Au travers du spectacle vivant, il faut transmettre, au-delà du divertissement, le sens citoyen et civique. On va au spectacle pour se faire plaisir. Mais au-delà de cela, on vient souvent y chercher du sens. Le sens et les émotions partagées avec les artistes doivent nous faire réfléchir, en tant que citoyens, aux transformations de ce monde.
Mais cette programmation, je tiens à le souligner, doit rester accessible à tous, ne pas être pas élitiste ni underground, selon moi. Le Kiasma est un théâtre de ville, qui s’adresse à tous les publics de Castelnau et de la métropole.”
Quel sera le fil rouge de la saison 2022-2023 ?

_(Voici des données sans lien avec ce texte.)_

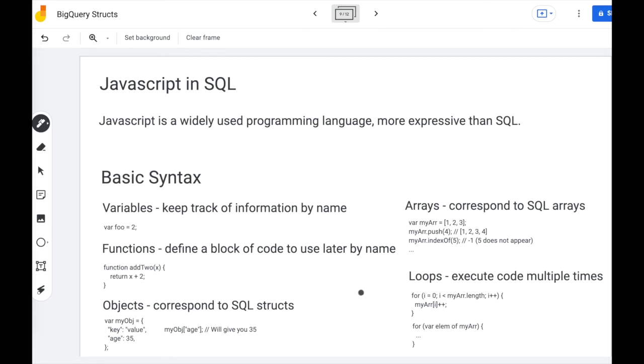And then finally, the key feature of JavaScript that you won't get in SQL is loops. You can execute multiple times using a for loop or a for each loop.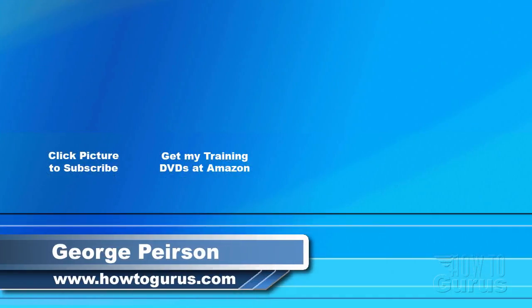Thank you for watching my video. I hope you found it useful. If you like this video, click on the like button below to let others know. You can click the subscribe button so you don't miss any of my videos in the future. I'm frequently uploading new training videos. Don't forget to check out my website at howtogurus.com.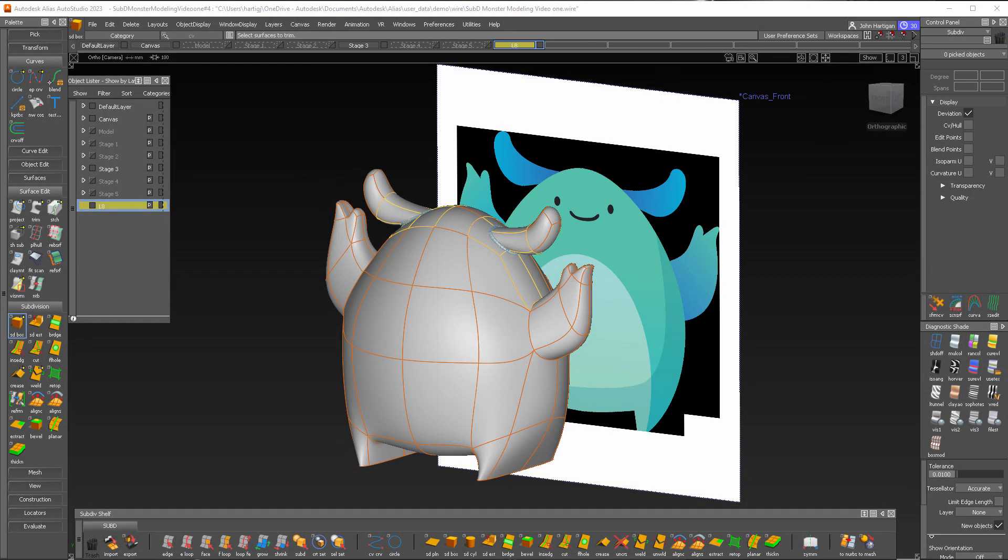Welcome to this last video in the intro to SubD modeling series. I'm John Hartigan. I'll finish the monster today by giving him a face.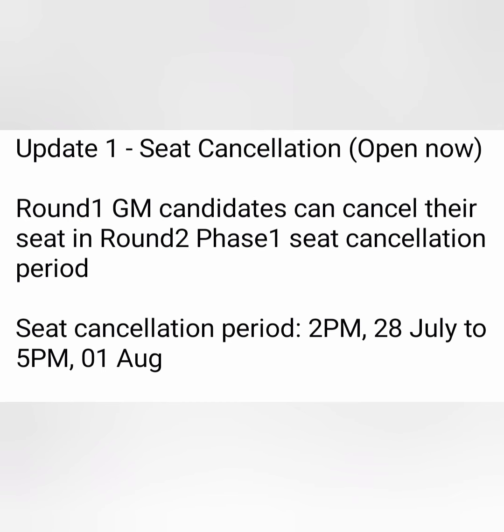The first update is on seat cancellation, which is open now. All the students who are Round 1 general merit candidates and have paid the fees earlier are now eligible to cancel their seats. The seat cancellation period is between 28th July to 1st August. Today is 29th July, so we have 2 more days. If you want to cancel the seat for which you paid after Round 1 counselling, you can cancel it.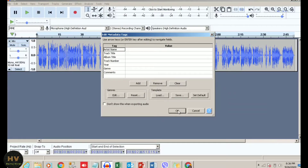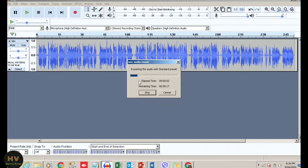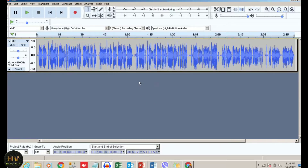You can see all three audio files are merged into one audio file and played easily. So in this way you can merge any multiple audio files in Audacity software.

Olivier Morançais : “Ma proposition artistique s’articule autour d’une thématique : la femme, la féminité, l’amour et la fraternité. Dans plus de la moitié des spectacles, on va accompagner des parcours de femmes, certains drôles, déjantés, certains passionnants, très forts sur le plan politique. Il y aura notamment un parcours extrêmement dur de femme lié à la radicalisation.
Deuxième axe fort : Molière, dont on célèbre le 400e anniversaire de la naissance en 2022. On ne peut pas y échapper cette année ! Trois spectacles très différents autour de Molière se tiendront au Kiasma, dont un baroque, éclairé à la bougie, qui reprendra les textes in extenso de Molière, comme on les disait à l’époque. Après quelques secondes, l’oreille et le cerveau s’habituent au vieux français et on comprend tout. C’est très étrange !
Cette programmation sera inédite au regard de ce qui a été fait avant. Elle sera différente, riche, singulière, avec une grande diversité, du divertissement et, je le répète, du sens.”